## The data
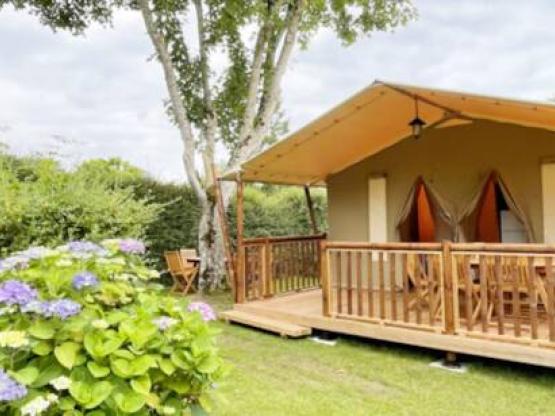 Lodge Tente - 2 chambres + Terrasse couverte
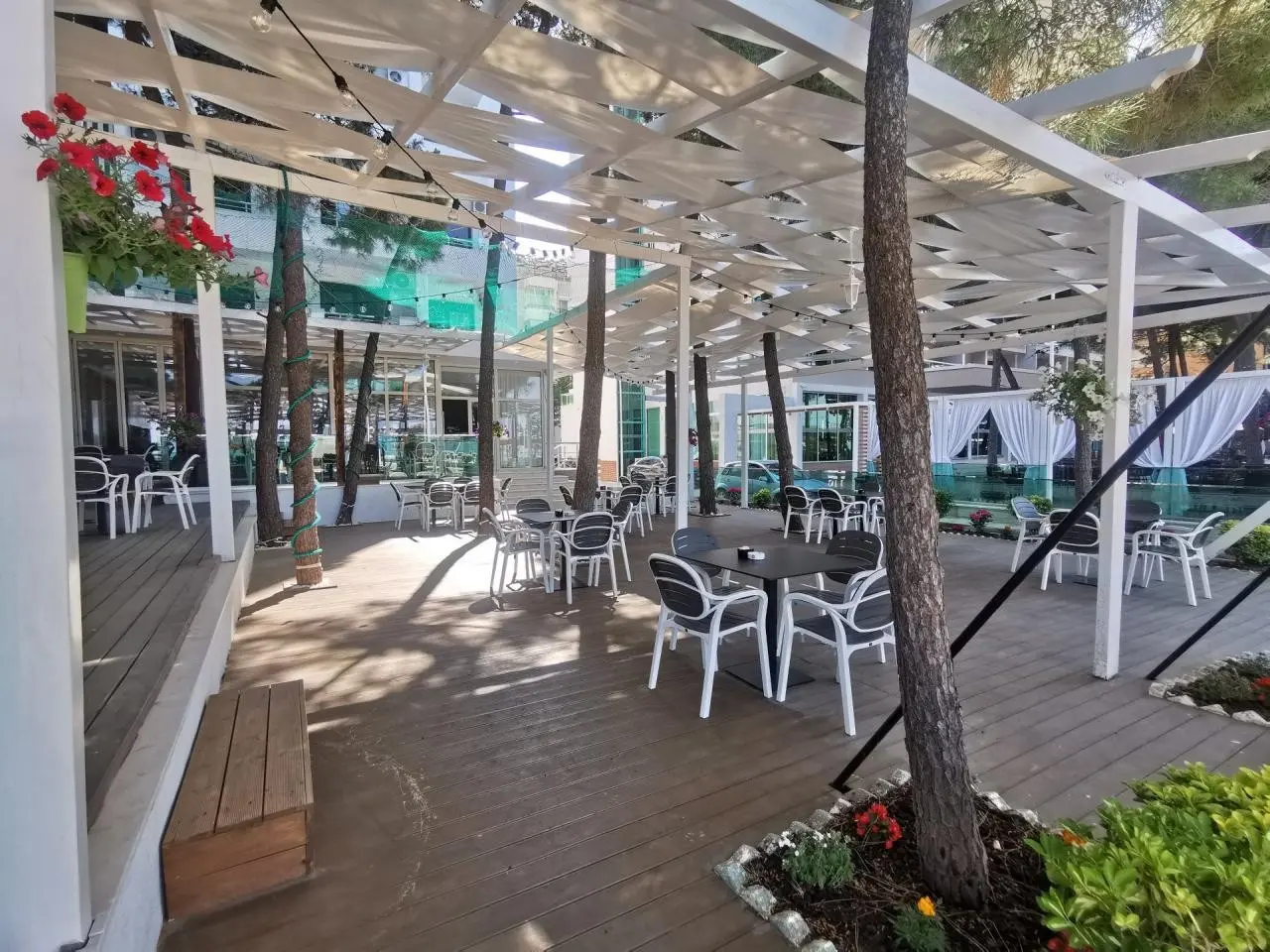 New Akileda — NEW AKILEDA HOTEL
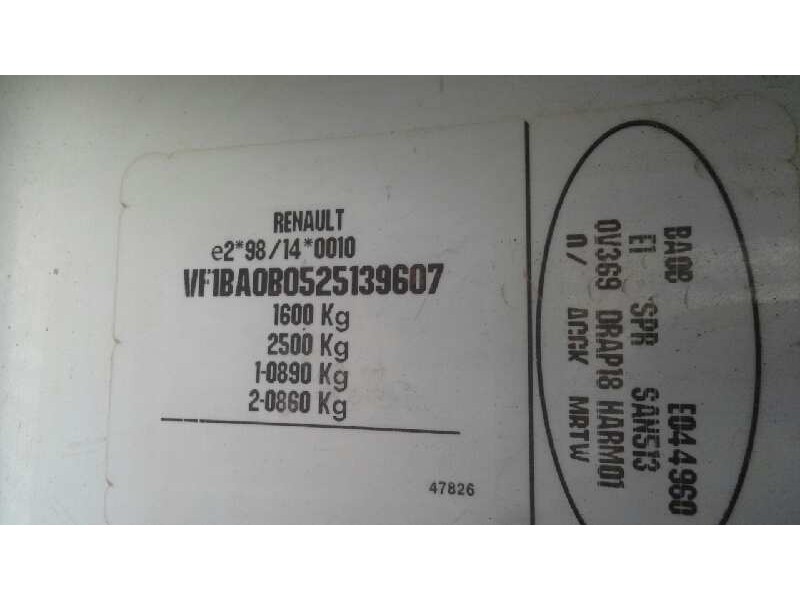 renault megane i fase 2 berlina (ba0) del año 2001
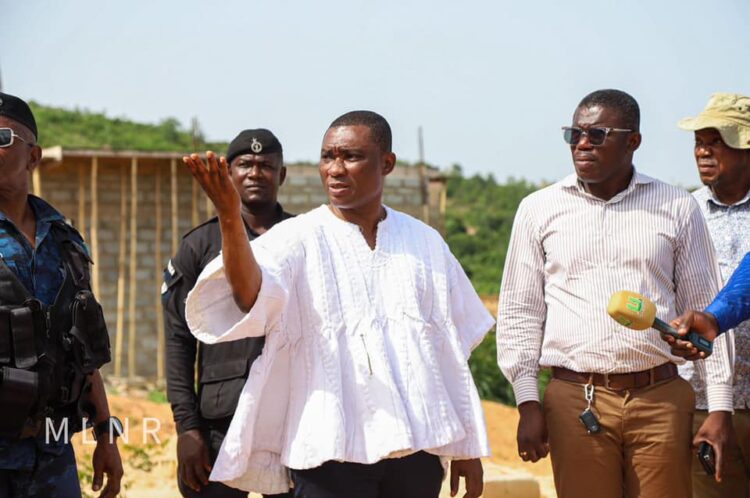 Deputy Lands Minister halts illegal stone quarrying at Oblogo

## Prompt
In your copy of the listing, please omit the pictures and keep every word exact.

## Your solution
 Lodge Tente - 2 chambres + Terrasse couverte
 New Akileda — NEW AKILEDA HOTEL
 renault megane i fase 2 berlina (ba0) del año 2001
 Deputy Lands Minister halts illegal stone quarrying at Oblogo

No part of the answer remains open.